A McLaren Vale Shiraz has beaten more than 100 global rivals to be crowned the world’s best at one of the wine industry’s most respected competitions.

By Jeni O'Dowd
Wed, Jun 3, 2026 11:50amGrey Clock 2 min

A $25 bottle of Shiraz from South Australia has achieved something few wines ever do: it has claimed the top spot in a prestigious international competition and outperformed rivals many times its price.

The 2023 Classic Shiraz from Beresford Estate in McLaren Vale was awarded the International Syrah Trophy at the 2026 International Wine Challenge, one of the wine industry’s most respected judging events.

The wine also received 97 points, a Gold Medal and four major trophies, making it the highest-scoring Australian trophy winner in this year’s competition.

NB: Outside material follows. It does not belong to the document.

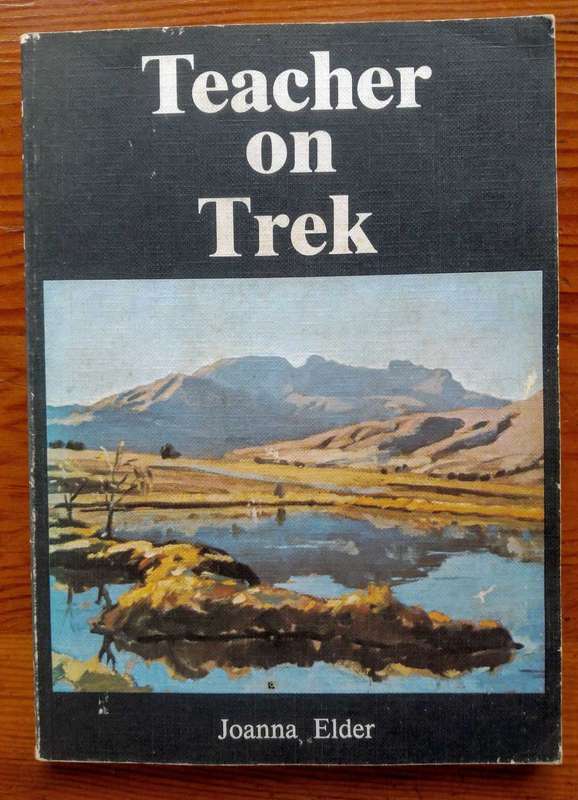 Teacher on Trek: Times Remembered by Joanna Elder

The result placed the wine first among 111 Shiraz entries from around the world and ahead of several highly regarded Australian trophy-winning wines.

For wine lovers, the award is notable not only for the competition’s standing but also for the price. At a recommended retail price of just $25, the Beresford Classic Shiraz sits firmly in the everyday-drinking category rather than the rarefied world of collector wines.

Head winemaker Natalie Cleghorn said the result reflected the quality of fruit produced in McLaren Vale.

“This result is a genuine reflection of what McLaren Vale is capable of. When you let the fruit and the site do the talking, the quality speaks for itself.”

According to the tasting notes, the wine opens with blueberry and plum aromas alongside floral notes and spice, while the palate delivers red cherry, plum, dried fruit, eucalyptus, and savoury spice, supported by bright acidity and fine-grained tannins.

The accolade adds to the growing reputation of Beresford Estate, which was founded in 1985 and has accumulated more than 2,000 medals and 200 trophies globally. The estate is located on a 70-acre vineyard in McLaren Vale and produces a range of wines including Shiraz, Grenache, Cabernet Sauvignon and Chardonnay.

While luxury wine collectors often chase bottles costing hundreds or even thousands of dollars, Beresford’s latest success is a reminder that world-class wine does not always come with a world-class price tag.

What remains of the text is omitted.